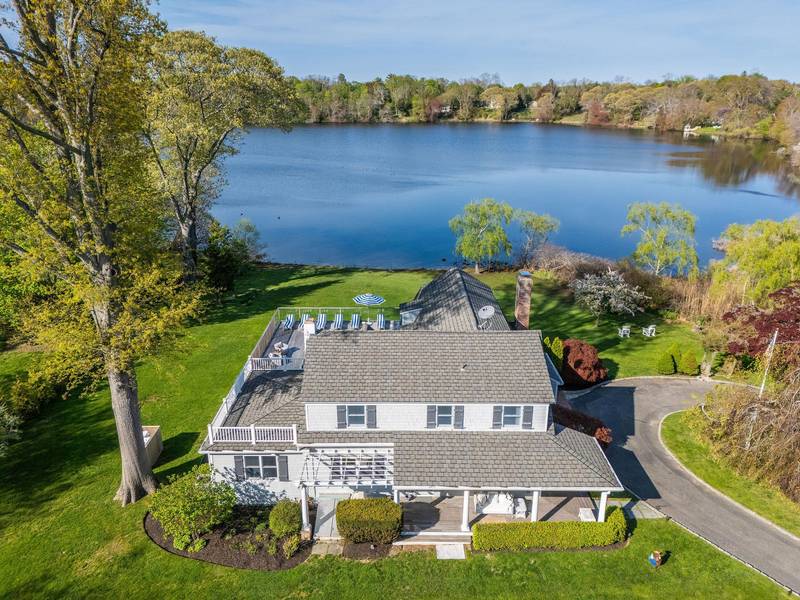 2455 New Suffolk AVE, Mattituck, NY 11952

□ □ □ □

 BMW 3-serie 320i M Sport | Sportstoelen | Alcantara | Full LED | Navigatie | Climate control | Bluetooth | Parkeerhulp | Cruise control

□ □ □ □

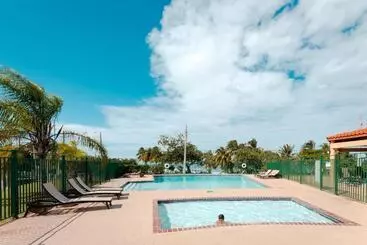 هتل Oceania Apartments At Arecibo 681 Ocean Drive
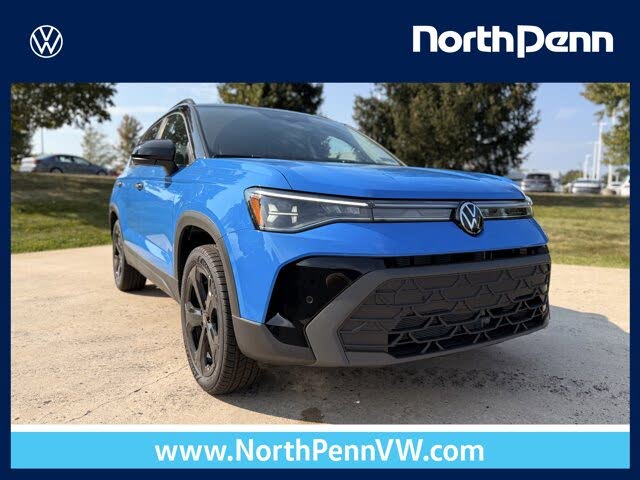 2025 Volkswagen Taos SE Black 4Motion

□ □ □ □

§ PROBLEM REQUIREMENTS:
Within the listing above, print exactly the stretch beginning at the line that contains "هتل Oceania Apartments" and finishing at the line that contains "2025 Volkswagen Taos SE Black 4Motion", ends kept, pictures left out, and nothing more.

§ EXERCISE RESULT:
 هتل Oceania Apartments At Arecibo 681 Ocean Drive
 2025 Volkswagen Taos SE Black 4Motion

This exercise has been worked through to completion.